Abu Akujee is the local boy and businessman behind AA Secrets - not clandestine alcoholics, as Google suggests - but an online clothes store that has been up and running for around a year. Things have really taken off in the last six months or so, mainly down to Akujee’s new line of burkinis.
For those of you not au fait with the Burkini (and that includes most of the staff in Manchester’s leisure centres, but more of that later), it is a form of swimwear whose name is a blend of the words bikini and burka. Think of it like a wetsuit with a built-in hood or balaclava. While that is the general idea, the burkini is made from the same material as swimming costumes rather than neoprene so it is lighter and it usually comes in two parts – a pair of trousers and a hooded dress.
It looks like this:
Modest women's Muslim Islamic full cover swimwear
If you search for burkinis on Akujee’s site (here), you won’t have much luck though. Search instead for 'Modest women’s Muslim Islamic full cover swimwear' (or just go to the swimwear section). I know, it doesn’t exactly slip off the tongue but the word burkini has been copyrighted to such an extent that you’re probably going to be charged for reading the word.
Much like calling a hoover a Hoover (when we should say vacuum), the burkini refers to the original line of Burkinis created by Aheda Zanetti.
Zanetti was inspired to design the garment after watching her niece struggling to play netball in a hijab. I know some of you are thinking, ‘just buy a track suit’, but if there is an absence of suitable clothing that allows Muslim women to practise both sport and religion, then the burkini can only be a good thing.
You’d expect that in a cosmopolitan melting pot of a city such as Manchester, the shops would be swimming (sorry) with options, but the burkini proved to be as elusive as the Loch Ness Monster. I tried Rusholme, Longsight, you name it, I tried it. The only place (apart from online, obviously) I could find a burkini was World of Islam on Wilmslow Road.
Not only did most shops not have any idea what I was talking about, but on more than one occasion, there was a bit of a misunderstanding. My North East accent, coupled with the proprietors' lack of burkini knowledge, made it seem I was trying to purchase a standard bikini in a traditional Islamic clothes shop. An itsy-bitsy-teeny-weeny bit culturally insensitive, perhaps.
It’s a good job Akujee’s extensive marketing for his burkinis caught my eye. Saatchi and Saatchi have nothing on this ad campaign – there is a poster in the barber’s shop at the end of my street and another one in the post office down the road. Despite this modest approach, Akujee could have the last laugh.
He already has plans for expansion – he’s going to get his relatives to put posters up around where they live too. While Akujee is unlikely to be sat alongside Duncan Bannatyne and Deborah Meaden on Dragon’s Den, his strategy seems to be working.
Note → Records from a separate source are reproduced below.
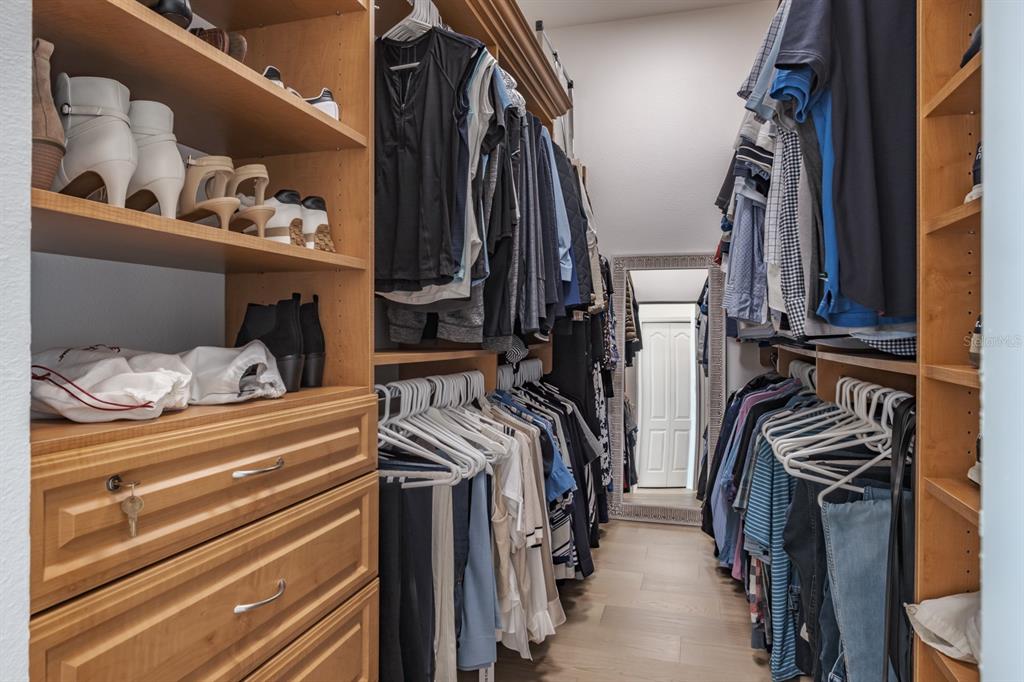 1700 Oyster Point Way Palm Harbor, FL 34683 - Photo 41 of 88 a view of walk in closet with clothes and shoes
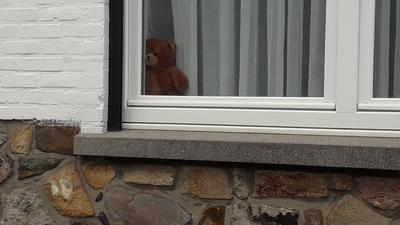 Nounours brun "esseulé", au bord d'une fenêtre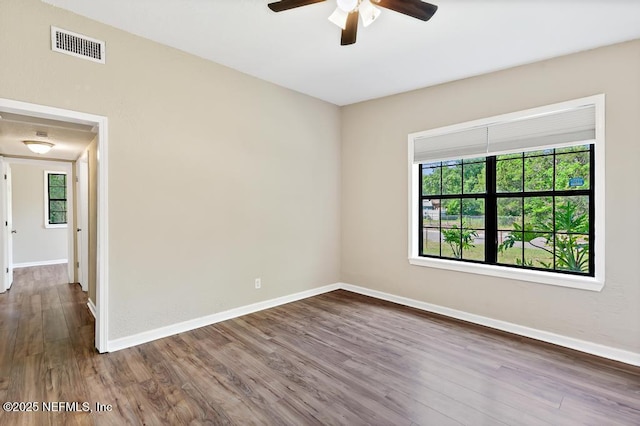 unfurnished room with ceiling fan, dark wood-style floors, and baseboards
Every day his phone buzzes with another request, and that’s just with posters and word of mouth. That’s only a small piece of the pie – most sales are over the internet anyway.
Akujee should stop sitting on his burkini goldmine and start mining it for all it’s worth. Somehow I doubt he will. This is a businessman with a conscience (if such a contradiction exists) and he doesn’t want his customers to feel ripped off. Not everyone has such qualms. I saw the same design on the internet for £45 whilst Akujee sells his for £25 excluding postage over the phone and £31 on eBay because of the charges. Although larger ladies, be warned - Size XXL is £3 more expensive.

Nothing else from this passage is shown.